Yatay mimari prensibi çerçevesinde, konutların hiçbirinin zemin artı 3 veya 4 katı geçmeyeceğini aktaran Erdoğan, şöyle devam etti:

"Köylerimizdeki ihya çalışmalarını da eviyle, ahırıyla, bahçesiyle, parkıyla kendi özgün mimarisine göre gerçekleştireceğiz. Vatandaşlarımdan, bizlere bir yıl müsaade etmelerini istirham ediyorum. Kayıplarımızı geri getiremesek de devletimiz yıkılanın yerine daha iyisini, daha güzelini, daha dayanıklısını yapmaya muktedirdir. Osmaniyeli kardeşlerime çağrım şudur, devlet ile millet arasına fitne sokmaya çalışanlara lütfen prim vermeyin. Depremi bahane ederek açıkça Türkiye düşmanlığı yapanlara asla kulak asmayın. Yasımıza, acımıza, toprak altında yatan canlarımıza hürmeti olmayan fırsatçıların, sizi karamsarlığa sürüklemesine lütfen müsaade etmeyin. Nasıl daha önceki depremlerde, sellerde, yangınlarda hiçbir insanımızı aç, açıkta bırakmadıysak, devletimiz, depremzedelerimizin de yanındadır. Yaşanan can kayıplarında ihmali, kusuru veya kastı olanlar varsa bunların hesabını hukuk önünde sormak da boynumuzun borcudur. Bu konuda kimsenin gözünün yaşına bakmayacağız. Osmaniyeli kardeşlerimden müsterih olmalarını, gönüllerini ferah tutmalarını, devletlerine güvenmeye devam etmelerini bekliyorum. Rabb'im yar ve yardımcımız olsun. Rabb'im, ülkemizi ve milletimizi muhafaza buyursun diye dua ediyorum."
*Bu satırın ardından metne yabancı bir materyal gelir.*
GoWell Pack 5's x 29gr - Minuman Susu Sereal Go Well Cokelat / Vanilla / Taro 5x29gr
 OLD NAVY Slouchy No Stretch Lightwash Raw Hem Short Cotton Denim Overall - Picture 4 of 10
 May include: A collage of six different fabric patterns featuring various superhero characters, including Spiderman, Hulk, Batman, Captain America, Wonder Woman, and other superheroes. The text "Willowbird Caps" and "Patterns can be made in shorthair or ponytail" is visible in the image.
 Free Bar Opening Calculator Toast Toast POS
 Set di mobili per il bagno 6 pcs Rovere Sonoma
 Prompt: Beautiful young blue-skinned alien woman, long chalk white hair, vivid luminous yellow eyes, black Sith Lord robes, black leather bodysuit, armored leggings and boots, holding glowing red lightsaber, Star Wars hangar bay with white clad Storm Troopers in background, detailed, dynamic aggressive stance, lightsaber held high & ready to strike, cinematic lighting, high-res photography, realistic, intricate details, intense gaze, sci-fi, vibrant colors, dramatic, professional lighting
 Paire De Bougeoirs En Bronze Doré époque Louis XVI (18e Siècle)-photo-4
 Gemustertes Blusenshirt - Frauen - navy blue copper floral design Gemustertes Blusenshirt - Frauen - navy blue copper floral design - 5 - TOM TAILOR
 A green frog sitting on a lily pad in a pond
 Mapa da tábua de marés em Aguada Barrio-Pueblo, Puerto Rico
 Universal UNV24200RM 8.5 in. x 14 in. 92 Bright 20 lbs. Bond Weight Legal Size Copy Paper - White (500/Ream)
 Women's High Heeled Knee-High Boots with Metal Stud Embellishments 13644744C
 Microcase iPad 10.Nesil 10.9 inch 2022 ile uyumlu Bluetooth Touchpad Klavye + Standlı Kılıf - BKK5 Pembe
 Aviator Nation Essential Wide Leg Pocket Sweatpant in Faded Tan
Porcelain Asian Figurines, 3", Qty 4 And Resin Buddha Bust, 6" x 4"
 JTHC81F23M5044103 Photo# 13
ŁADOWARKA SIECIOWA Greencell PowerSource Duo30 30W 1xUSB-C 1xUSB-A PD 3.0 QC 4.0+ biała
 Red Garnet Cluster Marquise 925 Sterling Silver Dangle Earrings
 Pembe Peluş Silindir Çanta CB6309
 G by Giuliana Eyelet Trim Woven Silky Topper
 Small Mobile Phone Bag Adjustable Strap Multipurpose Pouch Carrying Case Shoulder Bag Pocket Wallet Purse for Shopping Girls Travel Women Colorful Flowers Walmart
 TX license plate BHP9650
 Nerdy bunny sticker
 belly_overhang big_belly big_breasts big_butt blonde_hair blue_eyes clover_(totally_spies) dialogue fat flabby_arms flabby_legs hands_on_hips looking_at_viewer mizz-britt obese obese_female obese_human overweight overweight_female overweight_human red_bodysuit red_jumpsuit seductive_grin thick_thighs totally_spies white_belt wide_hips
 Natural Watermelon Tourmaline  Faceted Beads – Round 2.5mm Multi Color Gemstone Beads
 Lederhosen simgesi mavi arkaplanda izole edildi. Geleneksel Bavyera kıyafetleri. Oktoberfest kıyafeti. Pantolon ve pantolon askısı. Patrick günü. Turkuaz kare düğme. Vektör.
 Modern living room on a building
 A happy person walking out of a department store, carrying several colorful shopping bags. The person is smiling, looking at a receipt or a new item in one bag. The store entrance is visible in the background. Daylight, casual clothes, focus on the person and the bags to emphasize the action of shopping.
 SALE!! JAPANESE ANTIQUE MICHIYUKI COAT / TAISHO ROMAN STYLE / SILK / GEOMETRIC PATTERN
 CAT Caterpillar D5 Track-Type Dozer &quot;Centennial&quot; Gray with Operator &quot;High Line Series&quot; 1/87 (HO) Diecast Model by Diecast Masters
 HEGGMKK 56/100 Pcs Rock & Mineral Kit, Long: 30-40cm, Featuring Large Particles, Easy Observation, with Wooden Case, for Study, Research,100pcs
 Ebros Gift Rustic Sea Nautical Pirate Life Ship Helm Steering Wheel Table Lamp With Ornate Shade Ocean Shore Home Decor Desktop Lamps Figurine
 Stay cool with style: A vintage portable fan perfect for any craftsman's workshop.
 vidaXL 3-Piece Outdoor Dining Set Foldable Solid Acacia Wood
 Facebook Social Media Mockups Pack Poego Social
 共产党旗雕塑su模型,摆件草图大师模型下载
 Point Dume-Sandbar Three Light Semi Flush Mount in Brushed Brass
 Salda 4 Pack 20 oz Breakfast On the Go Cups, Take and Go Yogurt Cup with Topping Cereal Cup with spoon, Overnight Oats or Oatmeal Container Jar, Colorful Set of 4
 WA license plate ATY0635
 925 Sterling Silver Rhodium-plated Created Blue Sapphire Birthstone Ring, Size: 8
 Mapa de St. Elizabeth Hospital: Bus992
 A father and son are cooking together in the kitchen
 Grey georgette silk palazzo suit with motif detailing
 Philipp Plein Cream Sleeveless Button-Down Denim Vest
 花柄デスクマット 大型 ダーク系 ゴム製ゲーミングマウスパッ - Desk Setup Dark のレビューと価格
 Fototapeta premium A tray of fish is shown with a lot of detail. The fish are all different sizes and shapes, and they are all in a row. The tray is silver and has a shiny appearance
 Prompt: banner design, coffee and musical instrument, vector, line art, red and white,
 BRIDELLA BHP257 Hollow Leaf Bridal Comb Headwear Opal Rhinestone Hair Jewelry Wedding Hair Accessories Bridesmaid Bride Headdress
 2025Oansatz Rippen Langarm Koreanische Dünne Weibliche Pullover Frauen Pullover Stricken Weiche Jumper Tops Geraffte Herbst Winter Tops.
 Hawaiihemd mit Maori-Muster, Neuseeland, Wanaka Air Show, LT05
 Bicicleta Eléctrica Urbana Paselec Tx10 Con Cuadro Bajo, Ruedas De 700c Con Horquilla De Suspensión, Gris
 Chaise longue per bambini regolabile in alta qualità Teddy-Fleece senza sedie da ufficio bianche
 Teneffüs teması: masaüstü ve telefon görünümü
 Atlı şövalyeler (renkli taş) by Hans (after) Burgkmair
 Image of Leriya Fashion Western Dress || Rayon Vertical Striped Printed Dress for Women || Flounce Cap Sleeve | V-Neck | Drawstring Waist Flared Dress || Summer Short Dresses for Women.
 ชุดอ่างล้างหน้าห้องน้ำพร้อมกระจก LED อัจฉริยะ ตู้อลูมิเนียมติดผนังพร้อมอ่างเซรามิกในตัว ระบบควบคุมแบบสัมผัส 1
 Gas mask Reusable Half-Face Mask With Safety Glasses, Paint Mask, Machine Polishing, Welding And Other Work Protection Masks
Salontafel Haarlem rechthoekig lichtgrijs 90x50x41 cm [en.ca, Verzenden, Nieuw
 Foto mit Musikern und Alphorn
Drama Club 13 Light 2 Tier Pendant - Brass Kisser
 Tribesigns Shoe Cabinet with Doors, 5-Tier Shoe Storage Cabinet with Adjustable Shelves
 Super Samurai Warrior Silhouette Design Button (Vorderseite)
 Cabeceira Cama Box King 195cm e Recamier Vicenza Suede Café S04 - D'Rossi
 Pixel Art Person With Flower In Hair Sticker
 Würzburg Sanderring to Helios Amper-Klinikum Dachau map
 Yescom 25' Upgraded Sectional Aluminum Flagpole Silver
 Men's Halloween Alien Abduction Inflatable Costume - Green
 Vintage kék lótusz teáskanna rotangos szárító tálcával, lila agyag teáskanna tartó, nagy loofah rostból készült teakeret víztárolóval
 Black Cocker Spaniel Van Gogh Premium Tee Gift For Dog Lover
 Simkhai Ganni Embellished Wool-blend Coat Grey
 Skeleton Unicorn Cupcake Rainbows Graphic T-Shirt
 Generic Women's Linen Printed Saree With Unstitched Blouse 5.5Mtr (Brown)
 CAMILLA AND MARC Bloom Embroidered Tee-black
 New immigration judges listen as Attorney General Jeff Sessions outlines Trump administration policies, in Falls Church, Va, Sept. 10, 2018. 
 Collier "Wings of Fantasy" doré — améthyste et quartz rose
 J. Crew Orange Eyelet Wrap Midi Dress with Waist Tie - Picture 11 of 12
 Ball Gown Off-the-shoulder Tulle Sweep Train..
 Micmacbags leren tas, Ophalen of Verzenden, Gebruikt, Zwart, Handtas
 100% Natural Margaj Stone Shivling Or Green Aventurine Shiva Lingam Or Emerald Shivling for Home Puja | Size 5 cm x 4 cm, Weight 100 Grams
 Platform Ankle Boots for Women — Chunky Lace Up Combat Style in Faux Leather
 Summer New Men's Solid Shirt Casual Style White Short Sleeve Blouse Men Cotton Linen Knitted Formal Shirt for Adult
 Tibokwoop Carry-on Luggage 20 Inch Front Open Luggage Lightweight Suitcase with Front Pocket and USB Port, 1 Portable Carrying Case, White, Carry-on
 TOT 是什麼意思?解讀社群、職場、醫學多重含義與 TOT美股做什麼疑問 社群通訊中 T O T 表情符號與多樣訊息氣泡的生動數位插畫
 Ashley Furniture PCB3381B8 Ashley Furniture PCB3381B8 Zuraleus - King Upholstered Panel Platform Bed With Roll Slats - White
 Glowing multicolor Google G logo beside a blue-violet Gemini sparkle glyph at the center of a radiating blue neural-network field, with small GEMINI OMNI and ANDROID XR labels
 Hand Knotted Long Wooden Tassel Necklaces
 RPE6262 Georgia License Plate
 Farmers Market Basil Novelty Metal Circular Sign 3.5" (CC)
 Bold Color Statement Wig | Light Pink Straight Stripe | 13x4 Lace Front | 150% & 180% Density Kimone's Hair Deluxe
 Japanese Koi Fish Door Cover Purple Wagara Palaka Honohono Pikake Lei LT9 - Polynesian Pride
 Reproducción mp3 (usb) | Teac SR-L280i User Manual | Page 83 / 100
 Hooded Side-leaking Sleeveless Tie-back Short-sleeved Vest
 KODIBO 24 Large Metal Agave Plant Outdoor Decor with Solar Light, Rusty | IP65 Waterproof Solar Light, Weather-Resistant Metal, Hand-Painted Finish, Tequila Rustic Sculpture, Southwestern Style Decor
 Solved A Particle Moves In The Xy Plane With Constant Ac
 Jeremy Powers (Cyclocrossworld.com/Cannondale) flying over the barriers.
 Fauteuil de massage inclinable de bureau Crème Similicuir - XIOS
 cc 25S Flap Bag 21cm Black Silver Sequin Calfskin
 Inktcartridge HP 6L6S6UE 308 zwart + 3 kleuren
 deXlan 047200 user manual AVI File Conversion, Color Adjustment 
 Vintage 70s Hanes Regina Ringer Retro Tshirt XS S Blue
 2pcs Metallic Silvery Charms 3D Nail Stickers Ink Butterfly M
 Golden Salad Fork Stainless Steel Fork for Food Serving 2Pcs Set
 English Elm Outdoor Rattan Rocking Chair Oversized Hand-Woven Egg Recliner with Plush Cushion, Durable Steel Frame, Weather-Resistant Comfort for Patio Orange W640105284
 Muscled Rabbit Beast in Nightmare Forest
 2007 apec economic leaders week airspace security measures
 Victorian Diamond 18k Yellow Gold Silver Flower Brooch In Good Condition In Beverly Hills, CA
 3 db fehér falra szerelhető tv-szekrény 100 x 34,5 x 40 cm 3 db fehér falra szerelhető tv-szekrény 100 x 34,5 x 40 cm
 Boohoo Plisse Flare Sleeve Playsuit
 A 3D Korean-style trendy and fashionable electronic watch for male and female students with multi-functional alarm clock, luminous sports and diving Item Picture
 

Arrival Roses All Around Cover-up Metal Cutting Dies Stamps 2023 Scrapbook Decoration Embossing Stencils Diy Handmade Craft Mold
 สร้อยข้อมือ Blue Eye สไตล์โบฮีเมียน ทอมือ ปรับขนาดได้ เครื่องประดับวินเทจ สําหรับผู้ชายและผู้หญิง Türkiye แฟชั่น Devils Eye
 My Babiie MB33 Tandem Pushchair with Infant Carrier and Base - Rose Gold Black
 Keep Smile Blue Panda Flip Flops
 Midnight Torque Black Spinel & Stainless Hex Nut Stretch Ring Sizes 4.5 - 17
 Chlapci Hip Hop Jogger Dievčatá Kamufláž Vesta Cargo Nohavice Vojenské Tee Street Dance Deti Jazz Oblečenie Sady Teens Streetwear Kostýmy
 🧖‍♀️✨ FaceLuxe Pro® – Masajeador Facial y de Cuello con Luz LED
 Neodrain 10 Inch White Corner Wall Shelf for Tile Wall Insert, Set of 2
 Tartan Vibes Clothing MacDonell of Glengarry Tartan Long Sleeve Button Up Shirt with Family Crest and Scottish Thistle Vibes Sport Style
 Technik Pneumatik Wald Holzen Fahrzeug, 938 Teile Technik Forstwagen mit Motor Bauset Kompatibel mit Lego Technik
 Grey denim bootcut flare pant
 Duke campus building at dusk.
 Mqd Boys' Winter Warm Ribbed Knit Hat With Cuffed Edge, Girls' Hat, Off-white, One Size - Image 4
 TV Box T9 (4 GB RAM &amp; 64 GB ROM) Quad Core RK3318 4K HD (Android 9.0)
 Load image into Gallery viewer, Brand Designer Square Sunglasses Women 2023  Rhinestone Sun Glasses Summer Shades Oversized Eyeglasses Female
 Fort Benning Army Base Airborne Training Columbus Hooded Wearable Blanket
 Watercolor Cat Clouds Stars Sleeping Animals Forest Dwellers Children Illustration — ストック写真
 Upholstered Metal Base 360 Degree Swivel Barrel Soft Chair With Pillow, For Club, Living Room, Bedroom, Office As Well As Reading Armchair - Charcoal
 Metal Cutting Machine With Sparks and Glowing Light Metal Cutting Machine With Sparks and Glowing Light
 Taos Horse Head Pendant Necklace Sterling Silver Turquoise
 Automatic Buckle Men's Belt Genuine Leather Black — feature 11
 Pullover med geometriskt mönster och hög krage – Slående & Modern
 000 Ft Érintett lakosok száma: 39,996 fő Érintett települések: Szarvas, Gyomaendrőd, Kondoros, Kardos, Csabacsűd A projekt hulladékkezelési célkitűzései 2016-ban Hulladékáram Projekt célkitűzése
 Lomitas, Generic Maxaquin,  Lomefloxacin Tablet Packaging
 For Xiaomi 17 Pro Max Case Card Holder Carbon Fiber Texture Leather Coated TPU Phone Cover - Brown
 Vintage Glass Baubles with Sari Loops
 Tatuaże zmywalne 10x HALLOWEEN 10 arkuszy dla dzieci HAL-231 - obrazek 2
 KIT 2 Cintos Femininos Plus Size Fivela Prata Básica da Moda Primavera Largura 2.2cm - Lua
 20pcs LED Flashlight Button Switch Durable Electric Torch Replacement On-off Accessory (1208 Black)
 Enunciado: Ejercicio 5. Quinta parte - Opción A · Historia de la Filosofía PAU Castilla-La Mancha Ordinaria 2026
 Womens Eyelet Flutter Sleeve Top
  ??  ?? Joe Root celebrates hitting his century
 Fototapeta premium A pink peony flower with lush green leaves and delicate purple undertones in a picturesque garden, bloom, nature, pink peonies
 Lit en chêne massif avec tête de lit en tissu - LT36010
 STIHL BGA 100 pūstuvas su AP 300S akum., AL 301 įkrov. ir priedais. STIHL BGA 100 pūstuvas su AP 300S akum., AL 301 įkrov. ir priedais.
Osmaniye'ye geçmiş olsun dileklerini ileten Erdoğan, hayatını kaybedenler için "Fatiha" okudu.

Bahçeli: "Yeni bir hayatı tekrar inşa etmek amacıyla gayret gösteriliyor"

MHP Genel Başkanı Devlet Bahçeli de felaketin izlerini ortadan kaldırmak, yeni bir hayatı tekrar inşa etmek amacıyla gayret gösterildiğini belirtti.

Cumhurbaşkanı Erdoğan'ın, deprem bölgesindeki illere ikinci defa geldiğini ve yerinde incelemelerde bulunduğunu anımsatan Bahçeli, "Bugün de Osmaniye'de ikinci kez bulunuyor. Sayın Cumhurbaşkanımıza ve yönetimdeki tüm arkadaşlarımıza gayretlerinden dolayı şükranlarımı sunuyorum. Şehitlerimizi rahmetle anıyorum, yaralılarımıza acil şifalar diliyorum." sözlerini sarf etti.